ある生物学者の不可思議な心臓

先天性心疾患をもつ生物学者が命についてつづるよ。

研究材料になる研究者

おいらの症例は、これまでに少なくとも2回医学系の学会で発表されているようだ。そのどちらも、フォンタン再手術を受けた病院の医師による発表である。研究のデータとして使う際には、事前に同意書の記入を求められる。おいらも研究者の端くれだから、おいらの情報が研究に活用されて未来に役立つのはとても嬉しいので、なんのためらいもなくサインした。

 一つは、今から4年半以上前においらが初めてその病院にかかった頃の状況を報告したものだ。

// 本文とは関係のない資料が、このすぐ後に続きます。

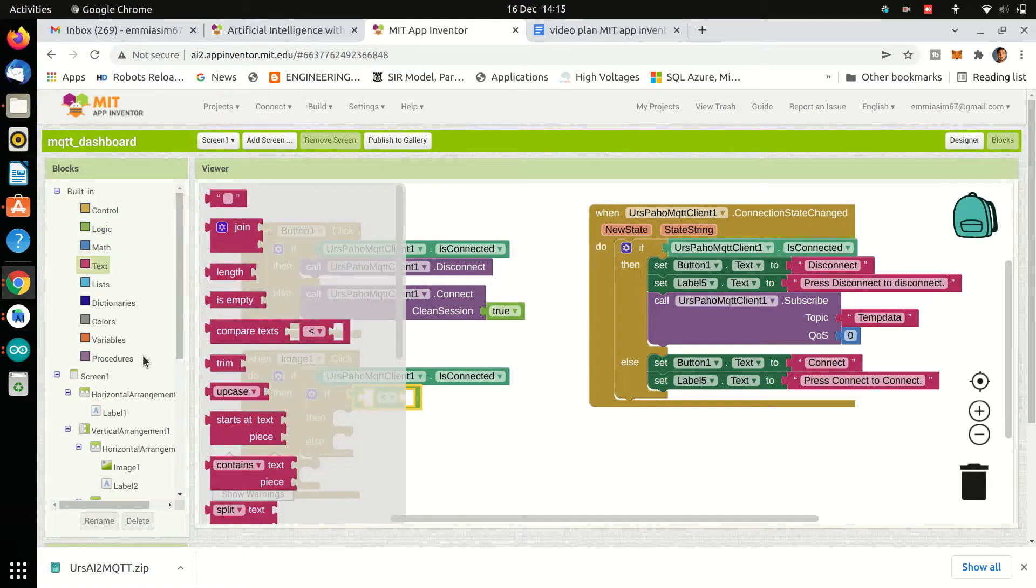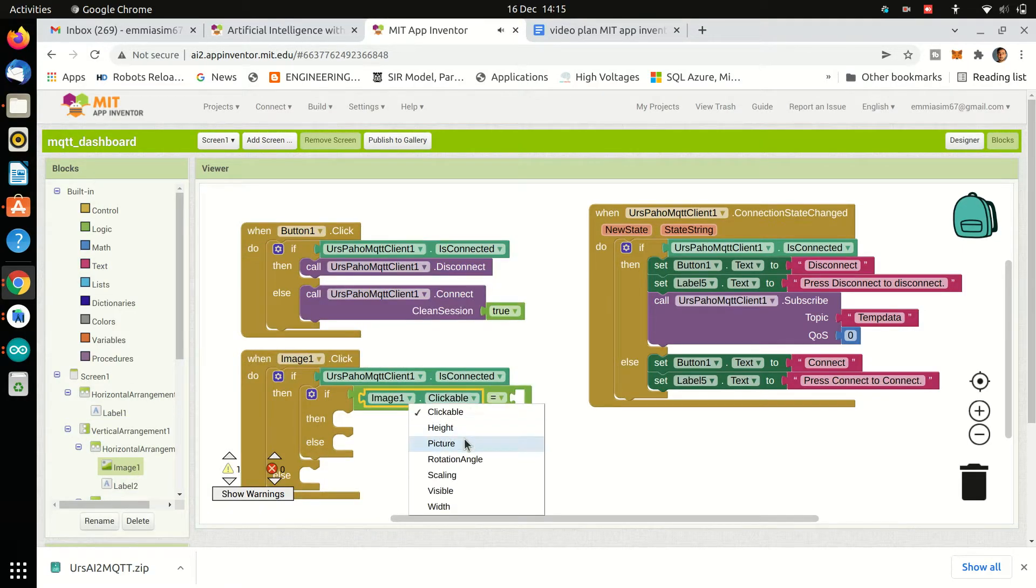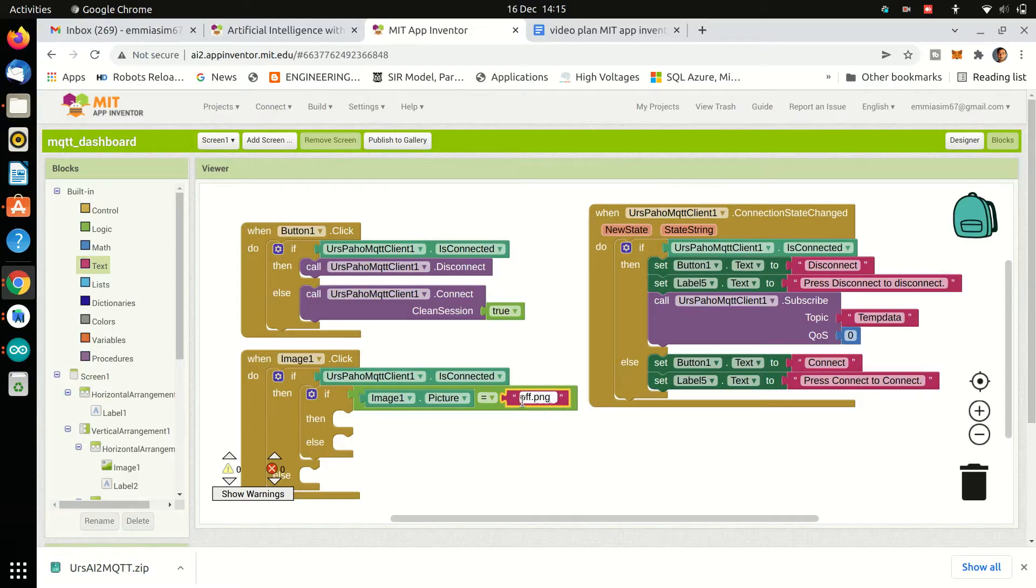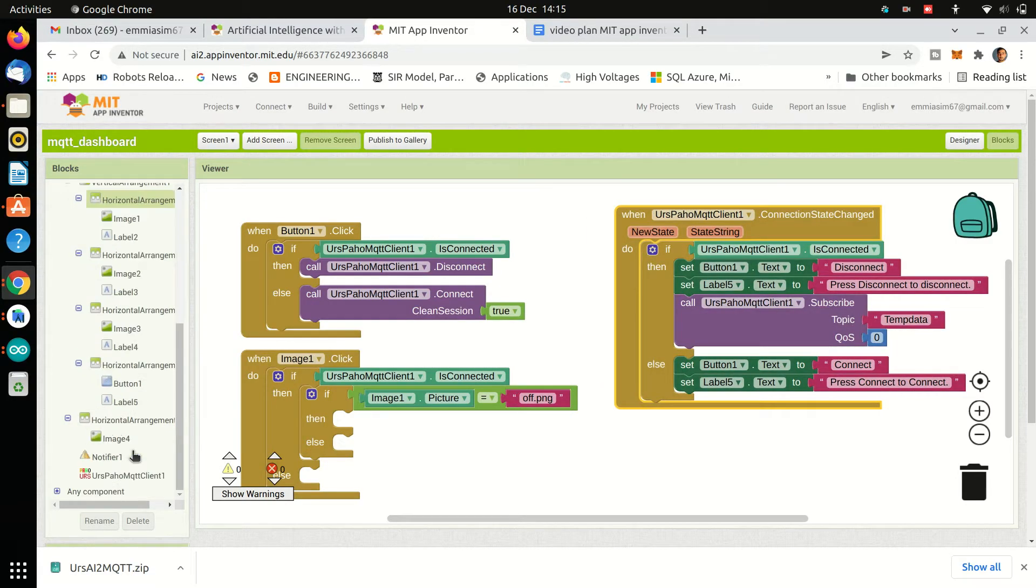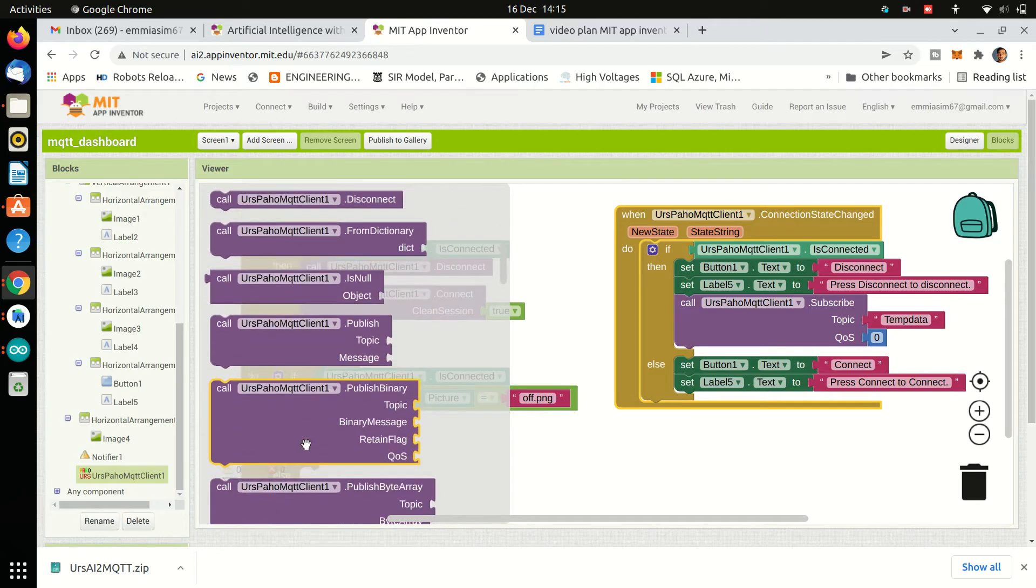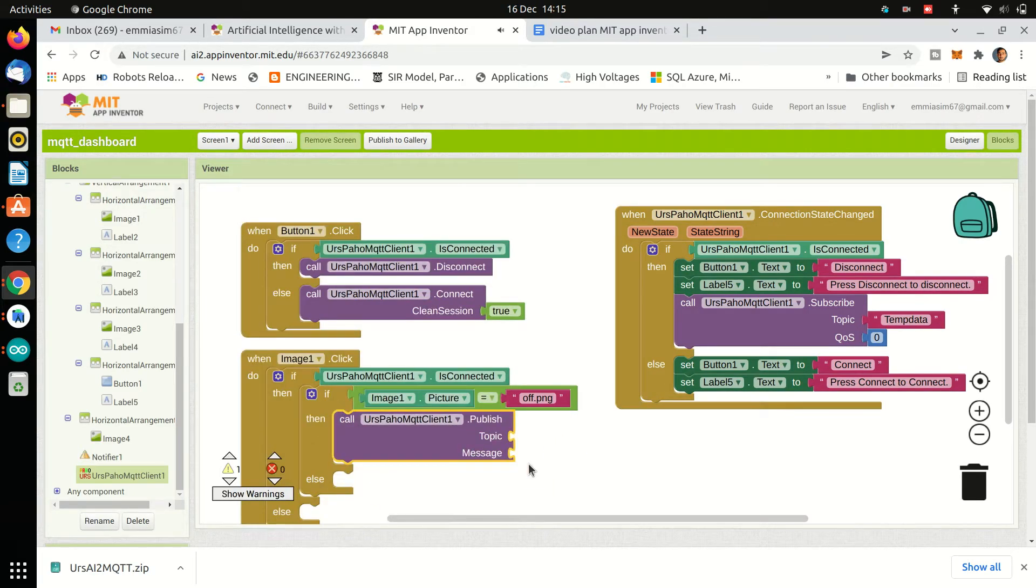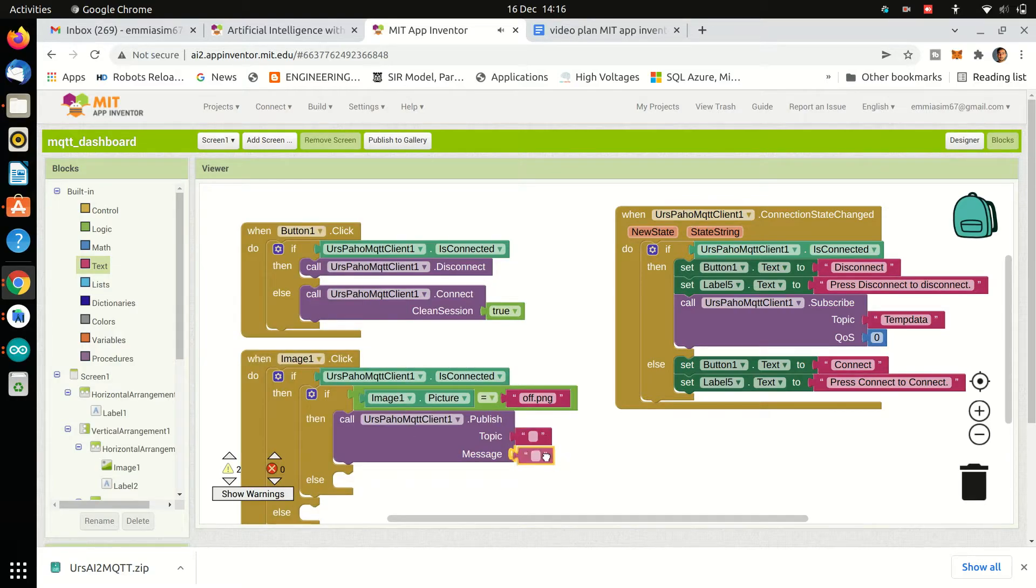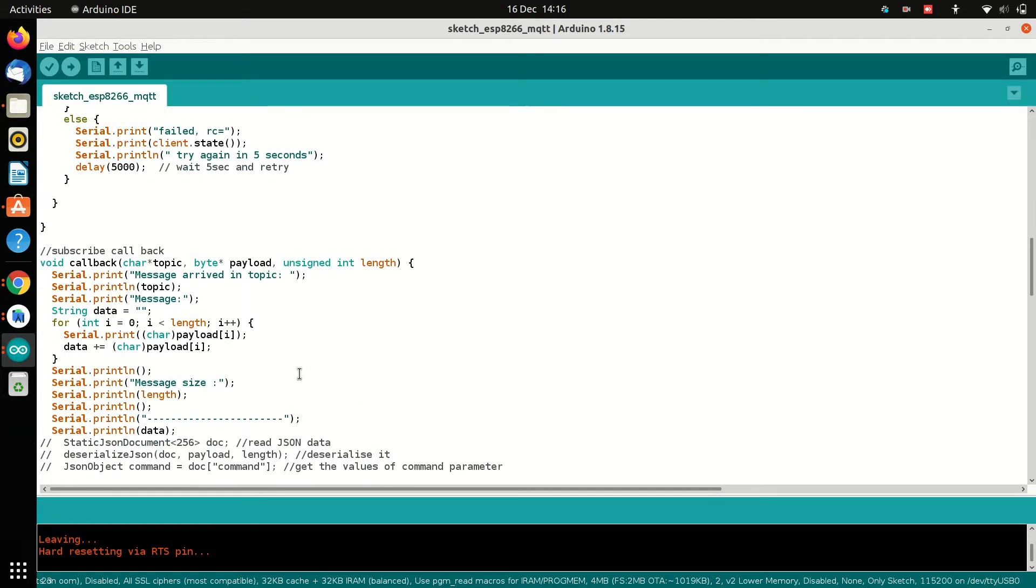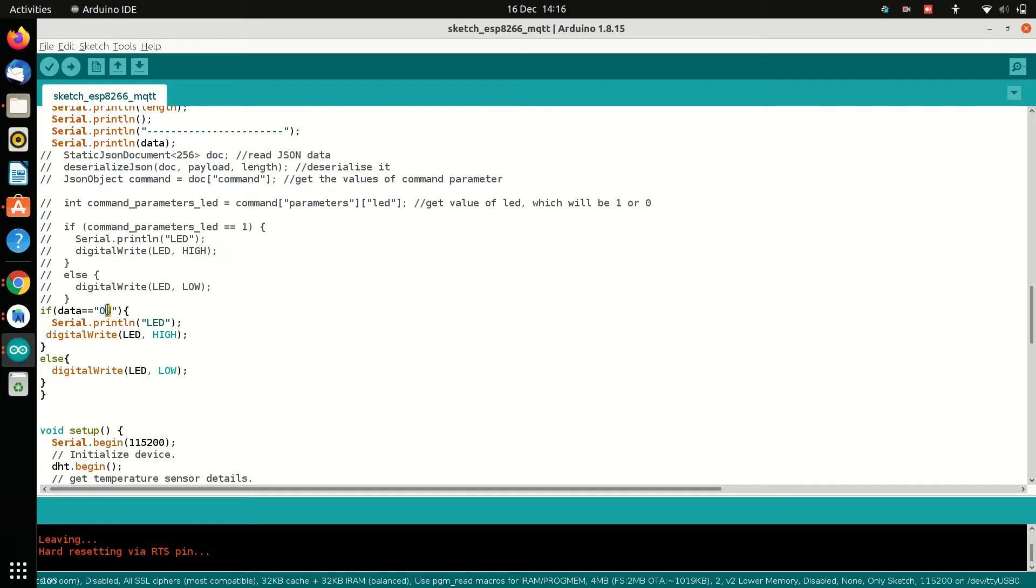We will publish message on, on topic lights and change the button image and label.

子供の頃のAPCフォンタン手術後、20年以上通院せず定期的診察を怠った(ドロップアウトした)結果、不整脈、PLE等のフォンタン術後症候群を発症したことを報告していた。発表の結論では、定期的フォローアップの必要性を説いていた。実際、その病院の主治医の先生からは「あなたは診察に来るのが少し遅すぎた。」と言われてしまい、先生としてももっと早くきていればあるいは定期的診察をしていればと、無念の思いが強かったのだろう。2つ目は、その病院でTCPCconversionをした患者をまとめて発表しているものである。複数の患者のデータが混ざっているが、その中でもおいらは最も年齢が高く、1回目のフォンタンから再手術までの期間が最も長く、唯一PLEを発症している患者だった。また、術前の病状が悪く治療に難渋し、入院期間も一番長かった。術後には手術創から菌が感染して縦隔炎を発症し、抗生剤投与や膿を吸い出す治療を続ける羽目になった。この病院の中でも、極めて特殊で難しい症例だったことがうかがえる。

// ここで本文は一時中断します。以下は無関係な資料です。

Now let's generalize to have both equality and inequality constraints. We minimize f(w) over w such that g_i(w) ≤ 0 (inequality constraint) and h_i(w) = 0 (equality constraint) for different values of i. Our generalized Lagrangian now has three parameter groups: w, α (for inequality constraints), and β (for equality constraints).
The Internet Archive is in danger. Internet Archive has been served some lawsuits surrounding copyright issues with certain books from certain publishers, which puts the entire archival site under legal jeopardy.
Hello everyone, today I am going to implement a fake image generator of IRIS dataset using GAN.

 その病院は、本来子供専門の病院なので、こんな大人の病状が悪い患者を見るのはさぞ大変であったろう。しかし、その病院の主治医の先生は、初めておいらを診察した時からおいらを引き受ける覚悟をしてくれているようであり、「(病状は深刻だが)私は最後まで諦めない」と強く言ってくれたことがとてもありがたかった。だから、おいら自身も覚悟を決めて今後の治療を受けようという気になったのだ。子供の頃の経験で、手術や入院は死ぬほど嫌だったが、この病院ならなんだか乗り越えられそうな気がした。そうして4年間お世話になり、おいらは生き延びた。

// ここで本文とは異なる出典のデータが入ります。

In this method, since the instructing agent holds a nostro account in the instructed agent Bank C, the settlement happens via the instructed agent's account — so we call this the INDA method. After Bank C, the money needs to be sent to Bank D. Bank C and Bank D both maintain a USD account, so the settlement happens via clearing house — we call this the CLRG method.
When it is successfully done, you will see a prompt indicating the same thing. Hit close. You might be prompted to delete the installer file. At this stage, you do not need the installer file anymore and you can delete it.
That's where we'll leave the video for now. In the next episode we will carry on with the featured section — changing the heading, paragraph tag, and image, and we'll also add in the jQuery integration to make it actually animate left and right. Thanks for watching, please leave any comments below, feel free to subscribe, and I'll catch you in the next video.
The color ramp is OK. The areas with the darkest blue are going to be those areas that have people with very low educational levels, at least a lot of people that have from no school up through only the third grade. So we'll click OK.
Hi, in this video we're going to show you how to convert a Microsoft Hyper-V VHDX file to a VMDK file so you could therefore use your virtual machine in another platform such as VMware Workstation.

 それだけに、おいらの症例がこの病院の研究成果になることは、おいら自身大変嬉しいことだ。命を救ってくれた恩返しにはならないかもしれないが、今度はおいら自身が研究成果を発表する番である。つい最近、約1年半ぶりに論文を発表することができた。昨年の地獄入院の頃から書き続けていたものだ。研究材料になり、研究成果となり、そして自らの研究成果を発表する。そうして、世界の科学が少しずつ進んでいく。今後も命ある限り、研究成果を発表していきたい。でも、また研究材料として貢献するかもしれないな。